MaxCompute Spark resource usage optimization

MaxCompute Spark resource usage optimization

1. Overview

This article mainly explains MaxCompute Spark resource tuning. The purpose is to guide users to better optimize the use of Spark job resources, maximize resource utilization, and reduce costs while ensuring the normal operation of Spark tasks.

2. Sensor

Sensor provides a visual way to monitor the running Spark process. Each worker (Executor) and master (Driver) has its own status monitoring graph, and the entry can be found through Logview, as shown in the following figure:

After opening the Sensor, you can see the following figure that provides the CPU and memory usage of the Driver/Executor during its life cycle:
cpu_plan/mem_plan (blue line) represents the CPU and memory plan requested by the user

Users can intuitively see the CPU utilization of the task from the cpu_usage graph
mem_usage represents the memory usage during task execution, which is the sum of mem_rss and page cache. See below for details.

Memory Metrics

mem_rss represents the resident memory occupied by the process. This part of memory is the actual memory used by the Spark task. It usually requires the user's attention. If the memory exceeds the amount of memory requested by the user, OOM may occur, causing the Driver/Executor process to terminate. In addition, this curve can also be used to guide users to optimize memory. If the actual usage is much less than the amount requested by the user, you can reduce memory requests, maximize resource utilization, and reduce costs.

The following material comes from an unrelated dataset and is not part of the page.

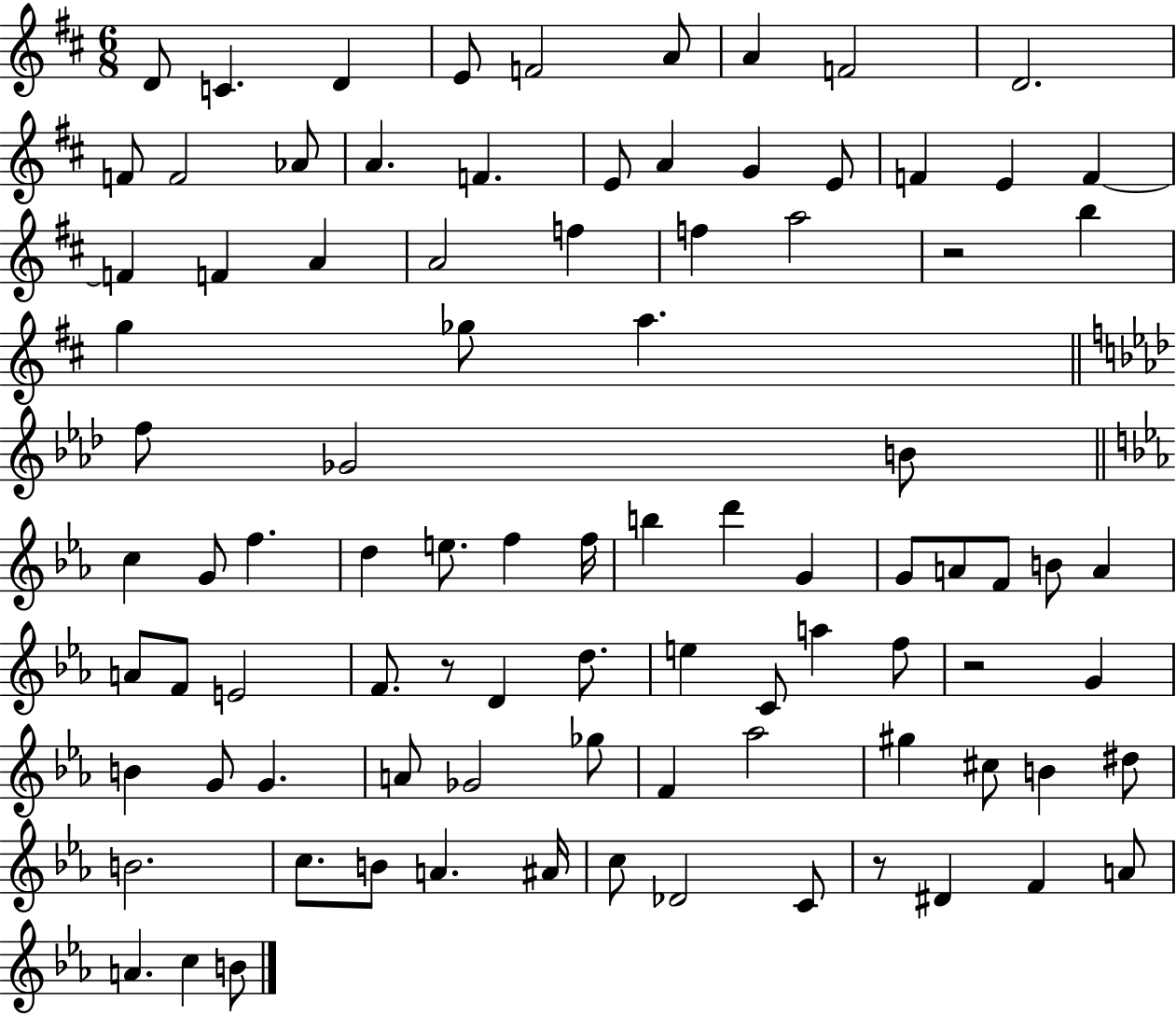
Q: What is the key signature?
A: D major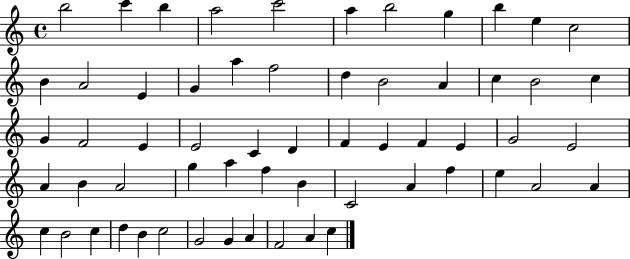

mem_cache (page_cache) is used to cache data in disk into memory, thereby reducing disk I/O operations. It is usually managed by the system. If the physical machine has sufficient memory, mem_cache may be used a lot, and users do not need to worry about the allocation and recovery of this memory.

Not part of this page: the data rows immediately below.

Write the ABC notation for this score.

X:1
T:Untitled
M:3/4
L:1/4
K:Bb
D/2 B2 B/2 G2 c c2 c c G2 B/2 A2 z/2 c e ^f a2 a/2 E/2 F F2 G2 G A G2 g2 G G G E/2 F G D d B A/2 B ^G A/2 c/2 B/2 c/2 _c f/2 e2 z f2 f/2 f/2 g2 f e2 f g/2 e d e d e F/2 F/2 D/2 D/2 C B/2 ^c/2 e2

3. Resource parameter tuning

(1) Executor Cores

Related parameters: spark.executor.cores
The number of cores in each Executor, that is, the number of tasks that can run simultaneously in each Executor
The maximum parallelism of a Spark task is num-executors * executor-cores
When Spark tasks are executed, a CPU core can only execute one task at a time. If there are enough CPU cores, these tasks can usually be executed quickly and efficiently. At the same time, please note that the memory of each Executor is shared by multiple Tasks. If a single Executor has too many cores and too little memory, OOM is likely to occur.

(2) Executor Number

Related parameters: spark.executor.instances
This parameter is used to set the total number of Executor processes that Spark jobs will use to execute. Usually, users can decide how many Executors they need to apply for based on the complexity of the task.
In addition, it should be noted that if the Executor disk space is insufficient or some Executors are out of memory, you can reduce the number of cores of a single Executor and increase the number of Executor instances to ensure that the overall parallelism of the task remains unchanged and reduce the risk of task failure.

(3) Executor Memory

Related parameters: spark.executor.memory
This parameter is used to set the memory of each Executor process. The size of the Executor memory often directly determines the performance of the Spark job, and JVM OOM is more common in the Executor.
Related parameter 2: spark.executor.memoryOverhead
Set the off-heap memory for the Executor, which is mainly used for the JVM itself, string, NIO Buffer and other overheads. Note that memoryOverhead is not used for calculations and cannot be directly operated by user code or Spark.
If this value is not set, the default is spark.executor.memory * 0.10, with a minimum of 384 MB.
The manifestation of insufficient Executor memory is as follows:
Cannot allocate memory appears in the Executor log (Logview->A worker->StdErr)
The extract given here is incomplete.